Las personas que se ven son evidentemente funcionarios. También hay por allí funcionarios de funcionarios y funcionarios de los funcionarios de aquellos funcionarios, es decir: el servicio. Además deambulan por la ciudad los comerciantes y profesionales independientes, pero no nos engañemos: son todos sirvientes de los funcionarios.
Por la noche llega Javier de uno de los muchísimos ministerios, comisiones, embajadas, palacios y residencias que frecuenta, y se saca los zapatos. Yamila, Javier y yo nos desparramamos en los sofás y cheslones del salón orientalizante y destapamos sendas Duvel. Las cervezas belgas pegan como un lingotazo de whisky y rápidamente nos ponen en órbita. Metáfora ad hoc pues no hay diferencia entre el vacío del espacio exterior y Bruselas.
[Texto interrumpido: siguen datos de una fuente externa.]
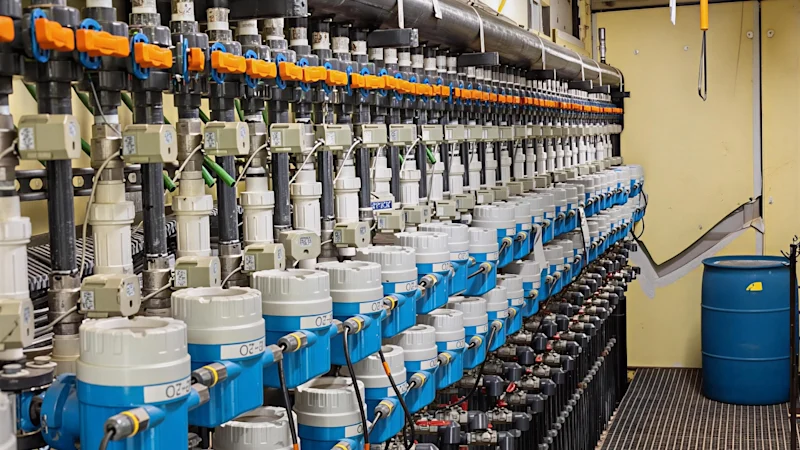 Journée marquante alors que la péninsule redémarre la production de Yellowcake du Wyoming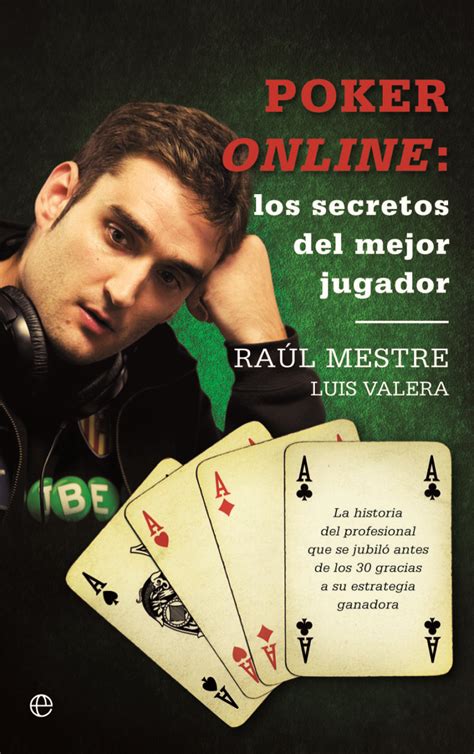 poker online libro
Acaso los restaurantes.
Tras una hora de puesta al día, bajamos a la húmeda y penumbrosa Avenue des Arts, que nos separa del Parc de Bruxelles o Waradepark. Y por esas oscuras y mortecinas calles vamos en busca del mejor restaurante vietnamita de la ciudad, propiedad de uno de tantos refugiados de allí, bautizados como boat people. Creo que nadie en este barrio se ha preparado tan siquiera una tostada desde la unificación de la UE.